(Given records)
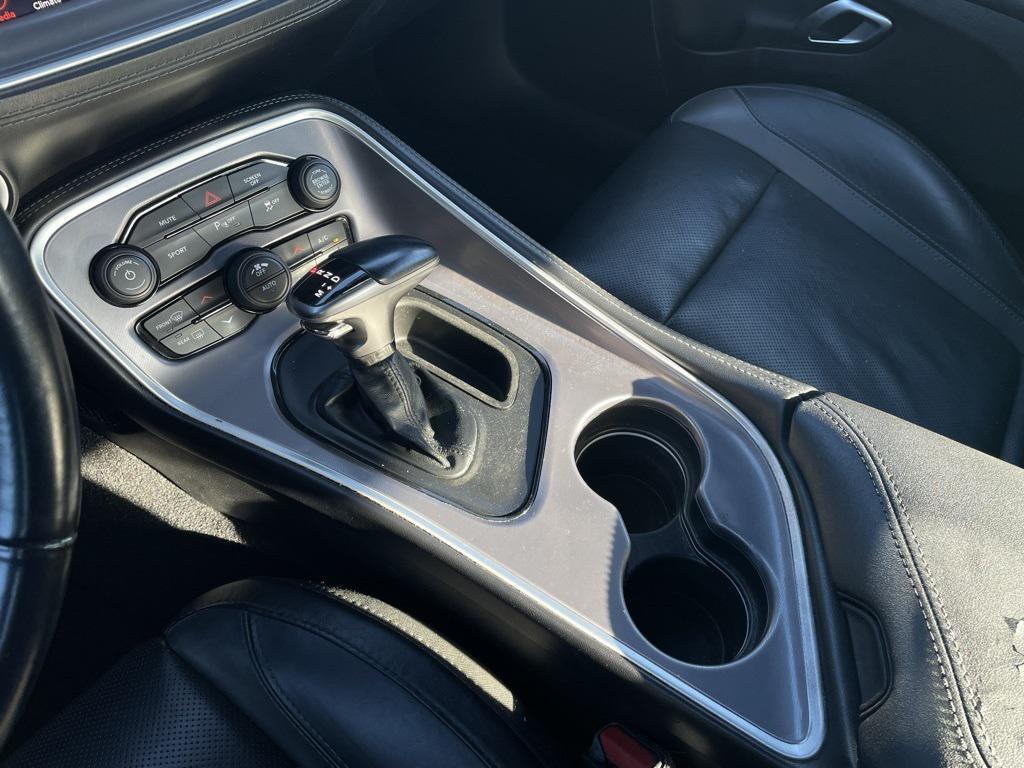 used 2020 Dodge Challenger car, priced at $21,076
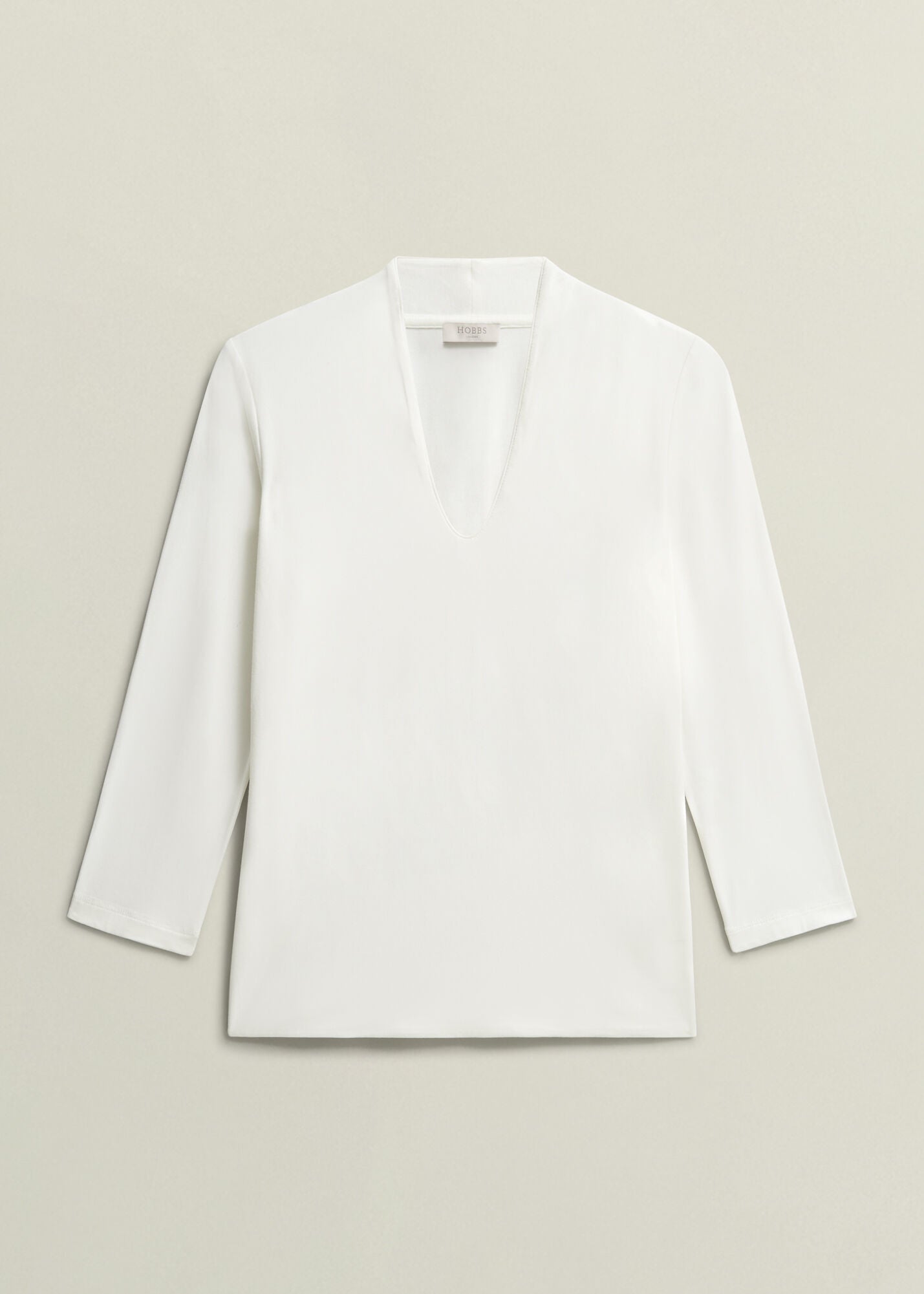 Aimee Double Fronted Top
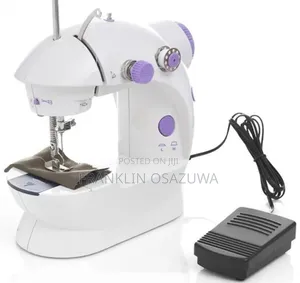 SM-202A Mini Electric Sewing Machine – Portable Sewing Machine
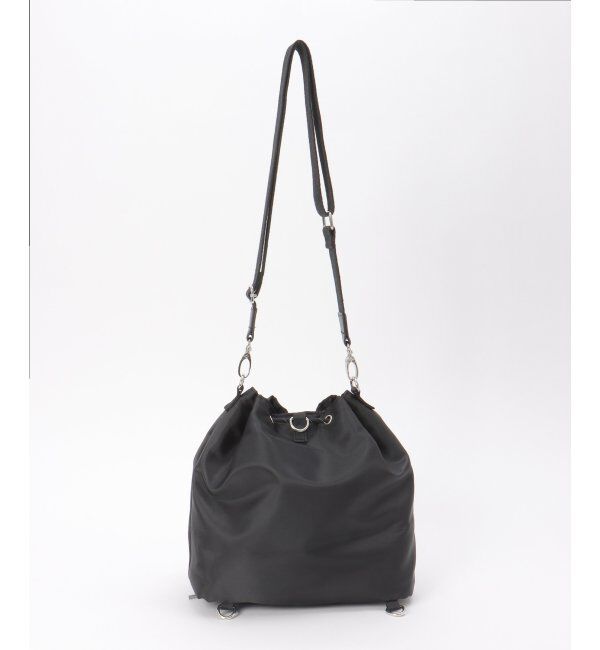 ikka「撥水リュックショルダーバッグ」|その他|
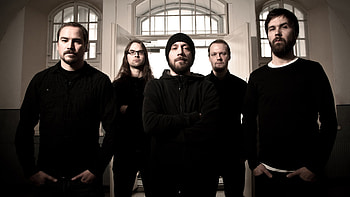 Ghost Brigade backdrop HD wallpaper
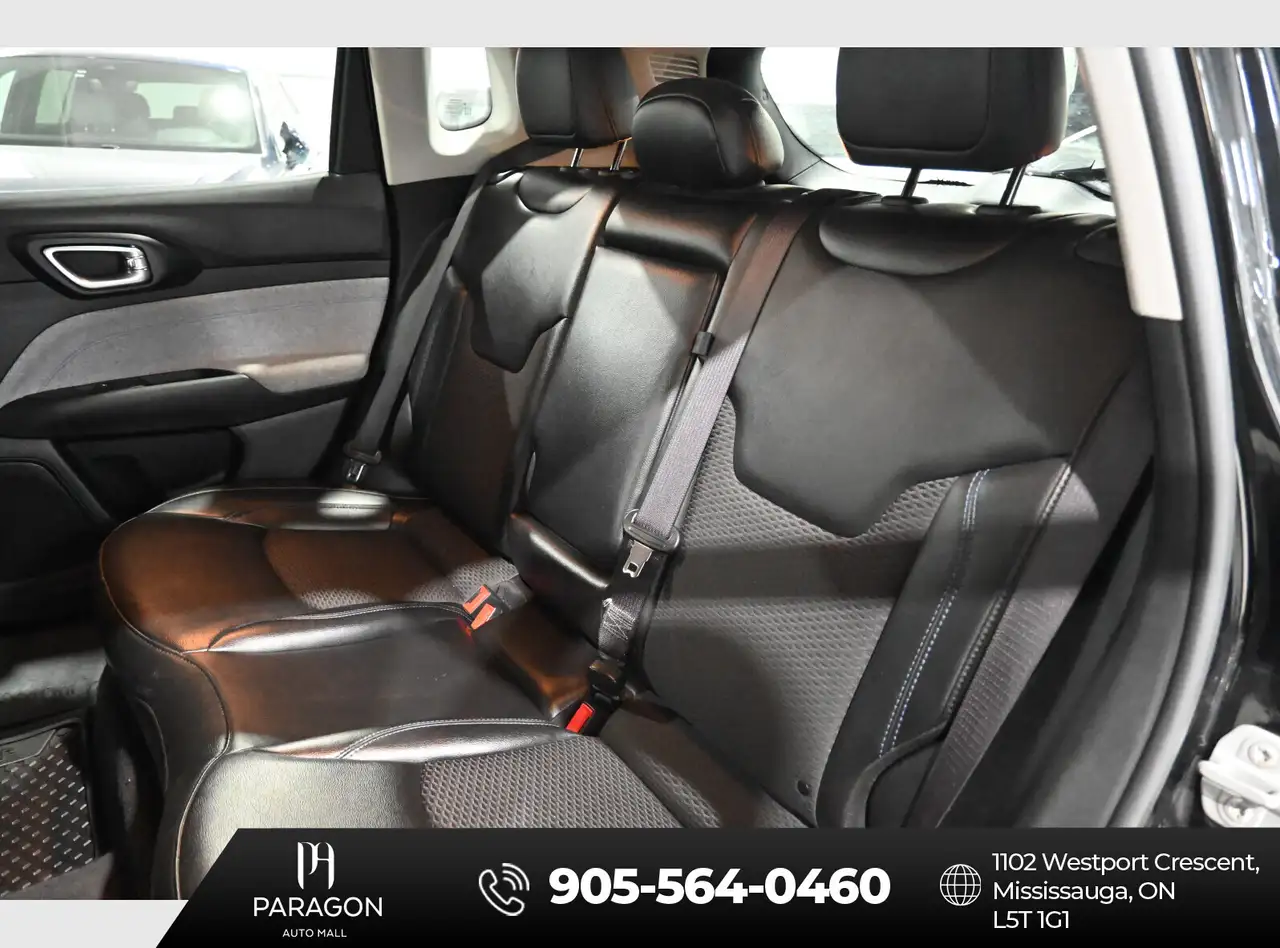 Jeep Compass снимка Jeep Compass
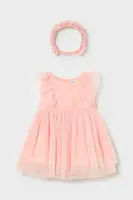 Dívčí šaty Mayoral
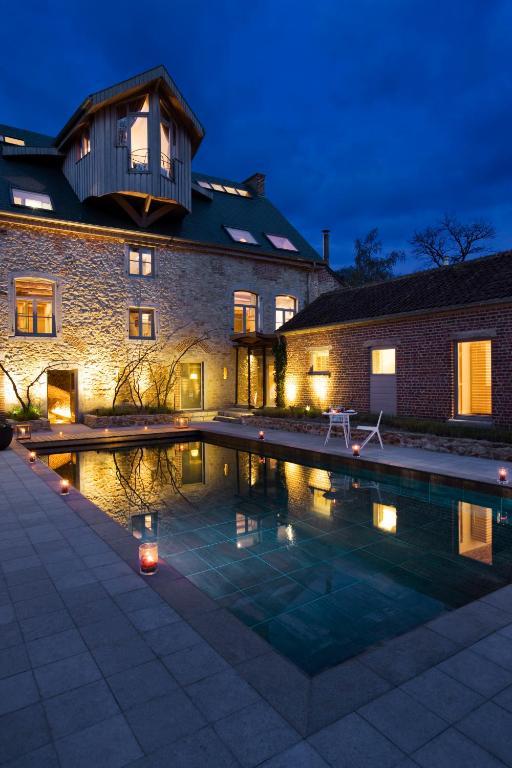 Hotel Ne5t & Namur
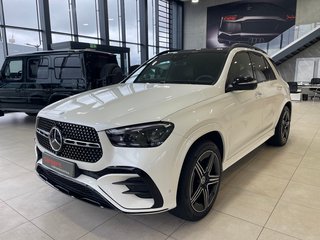 Mercedes-Benz GLE 450 Gebrauchtwagen Kaufen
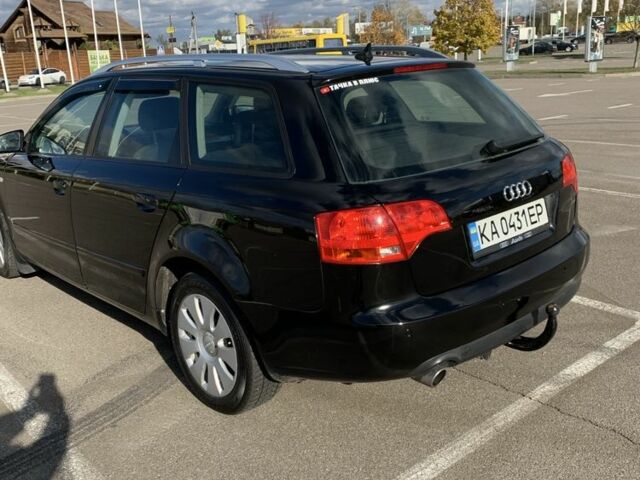 Чорний Ауді А4, об'ємом двигуна 1.6 л та пробігом 283 тис. км за 6900 $, фото 5 на Automoto.ua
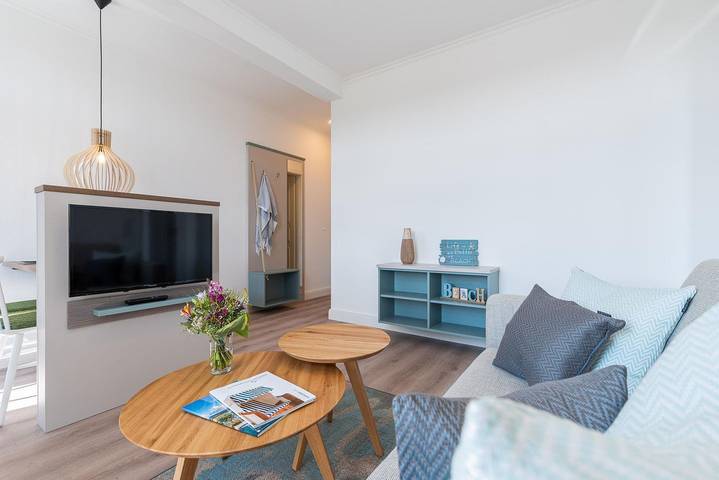 Ferienwohnung für 4 Personen, mit Balkon in Kühlungsborn - 3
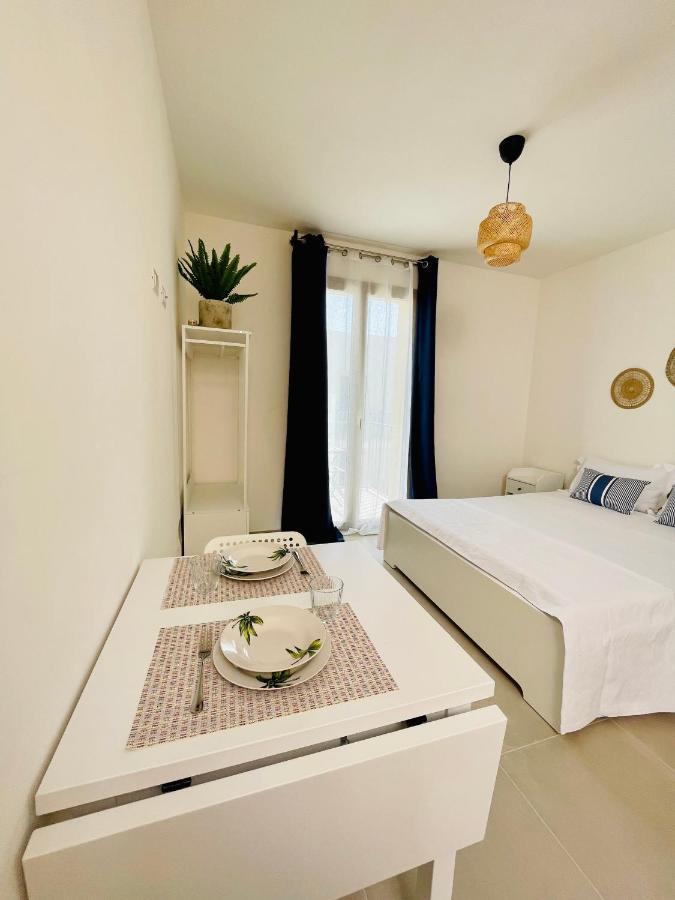 Anemos Apartments Marsala Exteriér fotografie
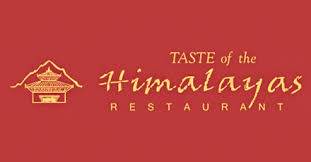 Taste of the Himalayas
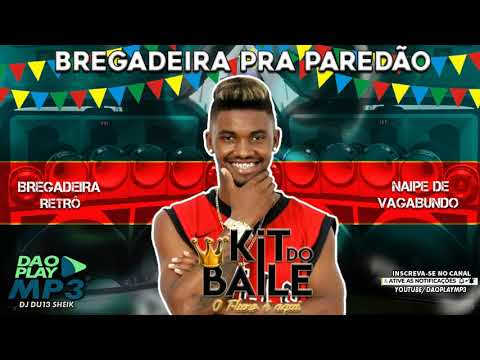 KIT DO BAILE - QUE NAIPE E ESSE (RETRÔ) BREGADEIRA 2021 |ARROCHADEIRA 2021 |MÉDIO GRAVE PRA PAREDÃO|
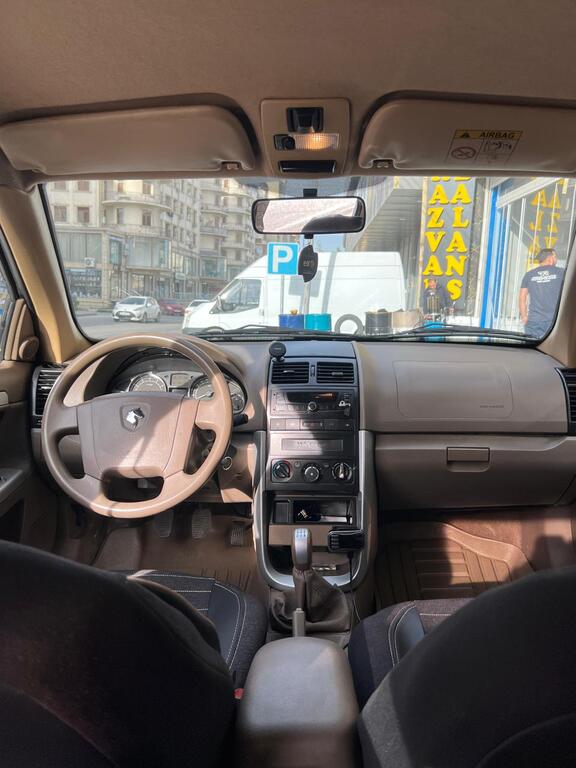 Khazar LX, 1.6 L, 2023 il, 49 000 km — Avtomobillər, Xırdalan (10)
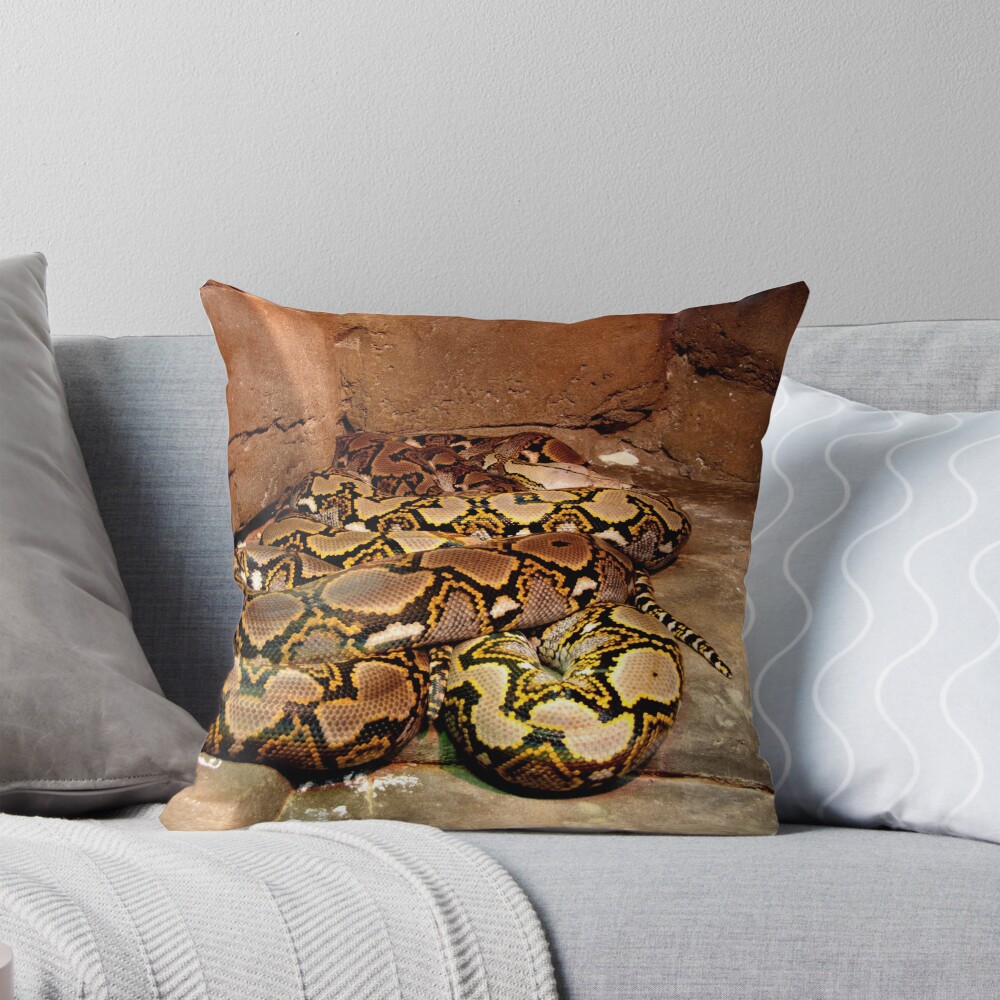 Item preview, Throw Pillow designed and sold by SizzleTech.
(End Given records)
# Description of the task
Output all the data, exactly, without images.

# Answer section
 used 2020 Dodge Challenger car, priced at $21,076
 Aimee Double Fronted Top
 SM-202A Mini Electric Sewing Machine – Portable Sewing Machine
 ikka「撥水リュックショルダーバッグ」|その他|
 Ghost Brigade backdrop HD wallpaper
 Jeep Compass снимка Jeep Compass
 Dívčí šaty Mayoral
 Hotel Ne5t & Namur
 Mercedes-Benz GLE 450 Gebrauchtwagen Kaufen
 Чорний Ауді А4, об'ємом двигуна 1.6 л та пробігом 283 тис. км за 6900 $, фото 5 на Automoto.ua
 Ferienwohnung für 4 Personen, mit Balkon in Kühlungsborn - 3
 Anemos Apartments Marsala Exteriér fotografie
 Taste of the Himalayas
 KIT DO BAILE - QUE NAIPE E ESSE (RETRÔ) BREGADEIRA 2021 |ARROCHADEIRA 2021 |MÉDIO GRAVE PRA PAREDÃO|
 Khazar LX, 1.6 L, 2023 il, 49 000 km — Avtomobillər, Xırdalan (10)
 Item preview, Throw Pillow designed and sold by SizzleTech.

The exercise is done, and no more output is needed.